From lavish to sublime: A gradual trend
The Gujjar community’s decision to tone down lavish weddings is only the most recent in a slow-boiling trend across the country. In 2003, Kolkata’s Marwari community decided to put an end to wasteful expenditure by slashing spending at all social functions, including weddings. In 2007, the Delhi Sikh Temple Management Committee planned to discourage dowry demands and put an end to lavish weddings by issuing an edict to the Sikh community encouraging austere marriage celebrations. And this trend is not isolated to a few communities, but is actually a growing one amongst India’s villages.
In 2013, a mahapanchayat comprising of panchayat members of 12 villages met in Dujana village near Noida to ban the use of firearms, DJs and orchestras in wedding functions, in a bid to cut expense.
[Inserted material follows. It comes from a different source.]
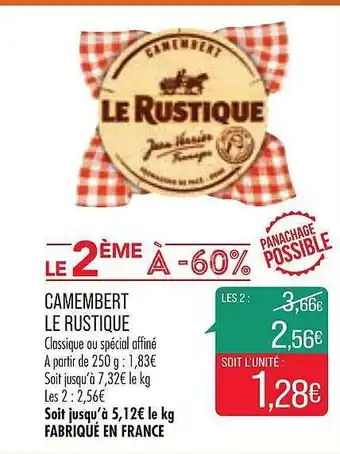 Match Camembert Le Rustique offre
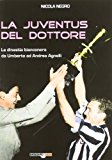 La Juventus del Dottore: La dinastia bianconera da Umberto ad Andrea Agnelli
Further, they banned the dowry system completely to reduce financial burden on the girl’s family. “It was observed that farmers were spending majority of compensation received by them for the land acquisition by the state government for lavish weddings and later faced financial crisis as they did not plan for future and had not invested the money in buying land in other villages which could provide them regular livelihood,” stated farmer leader Roopesh Verma.
Takhatgarh, Bali, Sadri and other villages in the Pali and Jalor districts of Rajasthan imposed a uniform code of conduct for weddings in an attempt to slim down Marwari wedding splurges in August of 2014. Following suit, in May of 2015, Guradighat village, 18 km from Madhya Pradesh’s capital Bhopal, decided to shun lavish weddings that had become status symbol deciders, leaving families in huge debt. “Farmers sold off parts of their land for each marriage in the family. Those who don’t have land take loan from family, friends or even moneylenders. The cycle is vicious and we want to break it,” attested college student Akash Maran.
Downsizing the wedding madness
The absurd display of wealth that is the big fat Indian wedding is a common practice across the country, leading to debt, hefty loans, food wastage, an unending cycle of showmanship, and a booming US$ 40 billion dollar industry. The growth of affluent upper class and rising middle class in this country has boosted this industry, which is growing at a rate of over 25 percent annually. Downsizing these affairs is a trend that needs to percolate to more parts of the country, since although it exists in pockets, it’s growing glacially.
Still, from Quora debates titled ‘Are lavish weddings in India morally justified?’, to villages and communities consciously coming together to slash splurges, austere weddings are working their way into common discourse. In May of 2014, Karnataka’s state government debated a bill to levy luxury tax on weddings costing over five lakh rupees with a thousand guests attending, and the amount collected would be pooled to create a ‘marriage fund’ to sponsor weddings of the poor or for mass marriages. Earlier that year, Kerala’s government mulled a bill to ban ostentatious weddings as well. While neither of these bills were passed, and policy might not be the way to address this problem, a social adjustment of the marriage mindset needs to set in to downsize the wedding madness.